“El mal uso del lenguaje nos induce el mal del alma”. Sócrates
El lenguaje utilizado como medio para desinformar, con el avieso propósito de manipular, creando una tendencia en la opinión pública para obtener ventaja, fortalecer posiciones políticas o hacer fracasar al adversario creándole mala fama a base de calumnias.
Difamar aunque al cabo salga a relucir la verdad.
Porque la calumnia es rentable y a pesar de que no se puede engañar a todos todo el tiempo, la calumnia cuando no mancha, siempre tizna.
El lenguaje, utilizado por sí mismo como el más fiel y genuino transmisor del pensamiento y la verdad, ennoblece y dignifica.
La palabra que engendra verdad fortalece y entroniza, otorga señorío y autoridad inatacable a quien lo esgrime, proyectándolo por sobre todos los demás.
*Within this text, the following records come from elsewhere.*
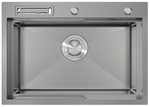 Кухонная мойка, 680x480x228 мм, 1 чаша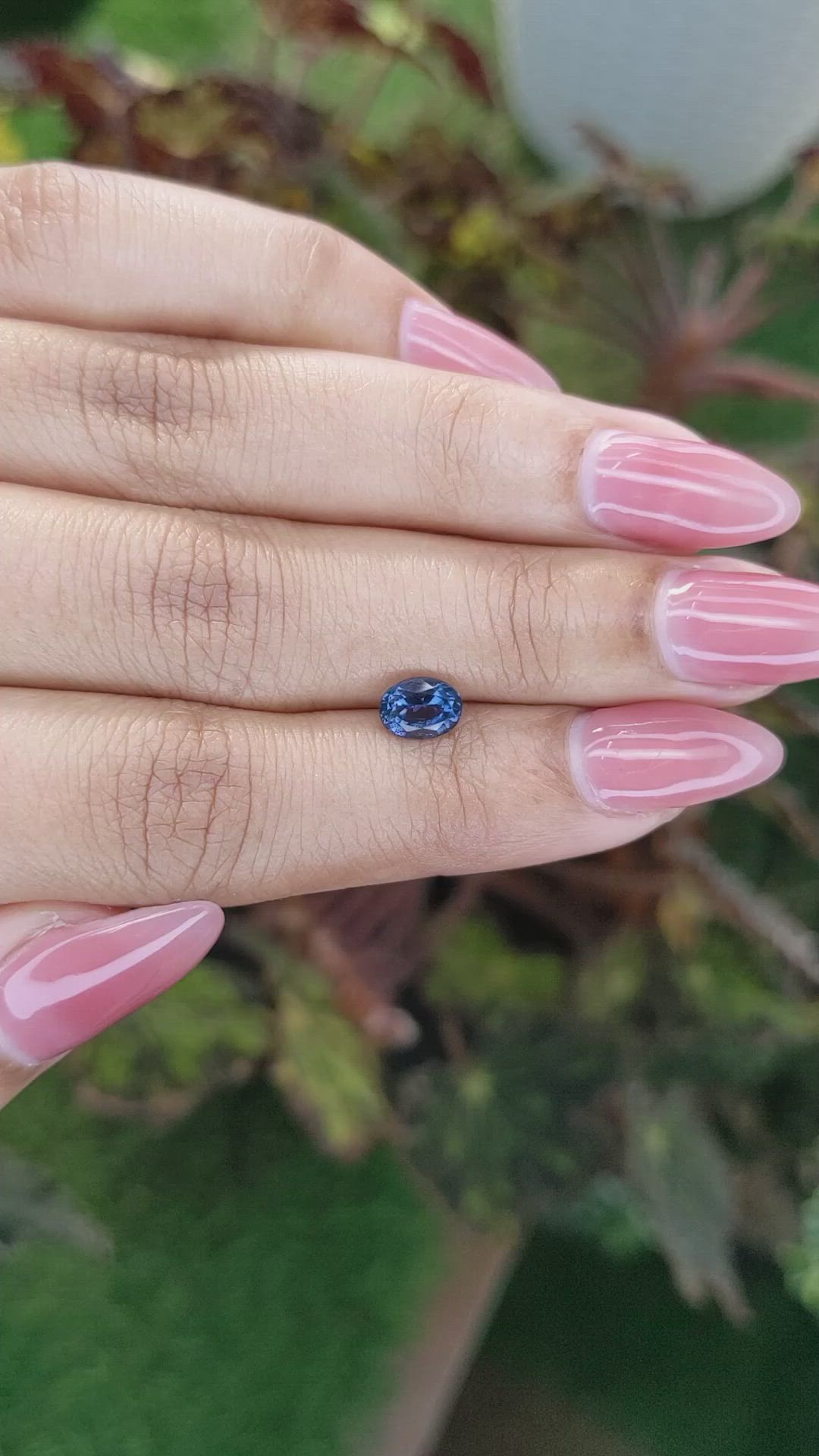 1.02 Ct. Spinel from Ceylon (Sri Lanka) Size Video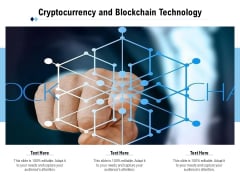 Cryptocurrency And Blockchain Technology Ppt PowerPoint Presentation File Gallery PDF Cryptocurrency And Blockchain Technology Ppt PowerPoint Presentation File Gallery PDF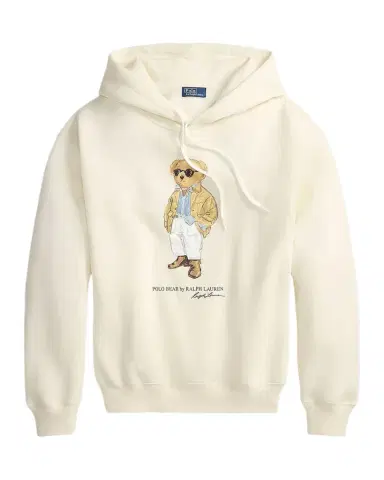 Polo Ralph Lauren Polo Bear Fleece Hoodie | Thumbnail 1 Polo Ralph Lauren Polo Bear Fleece Hoodie | Thumbnail 1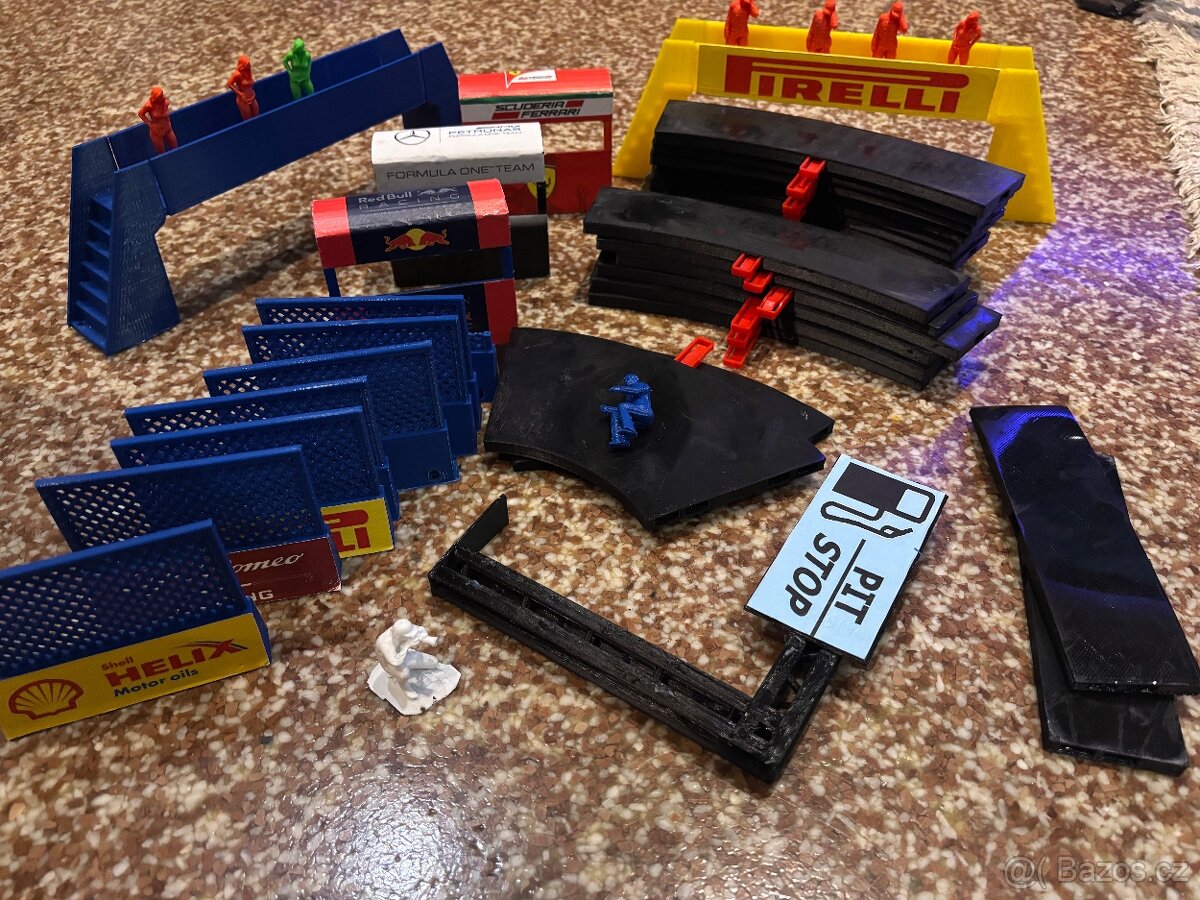 Autodraha Carrera D132 set 3 auta - 7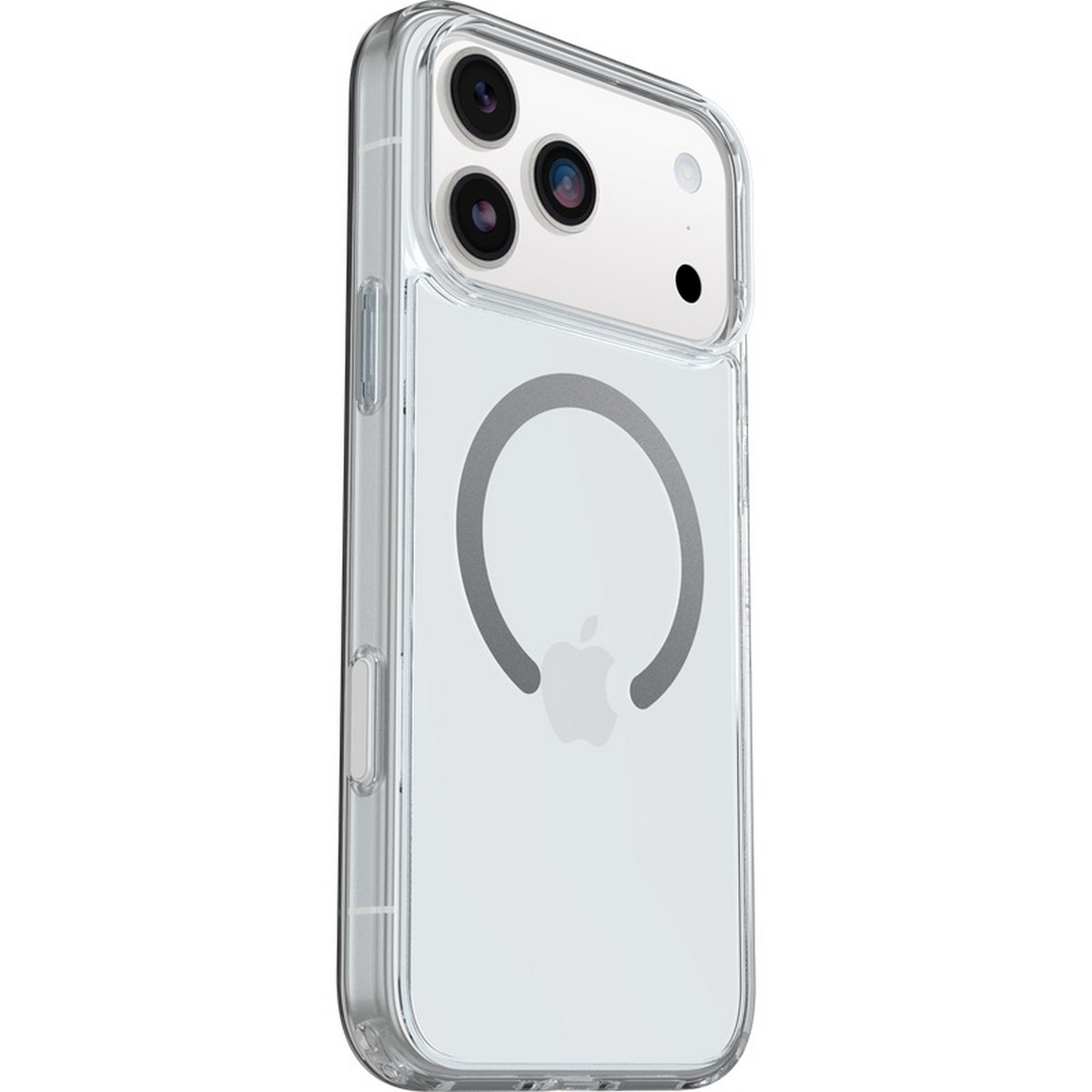 Capa OtterBox iPhone 17 Pro Max Série Symmetry Clear para MagSafe - Clear Transparente-3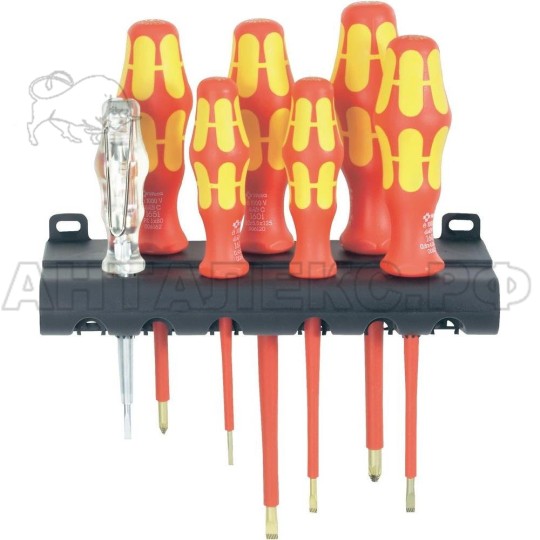 Набор отверток WERA VDE 1000 V WE-006147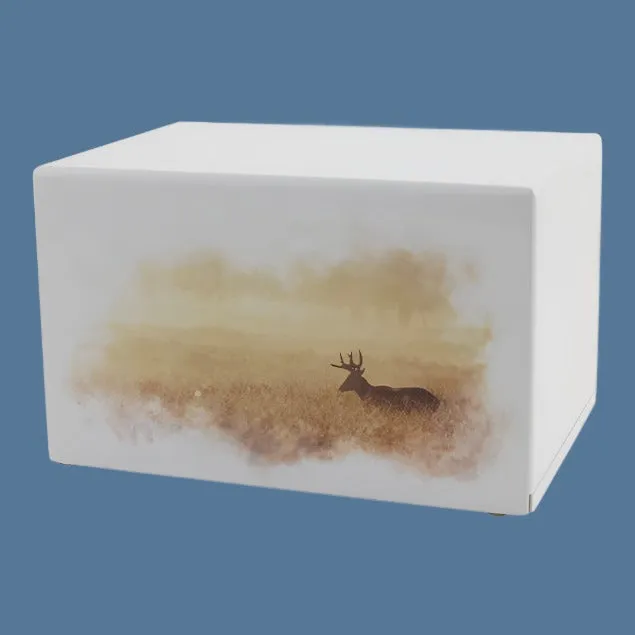 Somerset Deer, MDF Urn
Ya sea para contar historias verdaderas, reclamar con valor una injusticia o hacer un mea culpa; es tan valioso si reconoce méritos ajenos; como cuando celebra la gloria del amor y la esperanza.
La promesa cumplida es palabra cierta que se inflama, cuya luz no se apaga ni se extingue su fuego.
Desde los juglares del medievo hasta los roqueros modernos, han usado el lenguaje para divertir; como los guerreros y generales han usado sus armas, también los antiguos tribunos hasta los diputados de hoy, se han servido del lenguaje para gobernar.
Los gentiles gustaban de la palabra para llenar sus sinagogas y hoy los testigos de Jehová hacen apostolado urbano y cobran el diezmo para la salvación del alma; mientras que los católicos cobran por anticipado los bautizos, las bodas y las misas funerales y perdonan toda clase de pecados, y todo por la magia del lenguaje.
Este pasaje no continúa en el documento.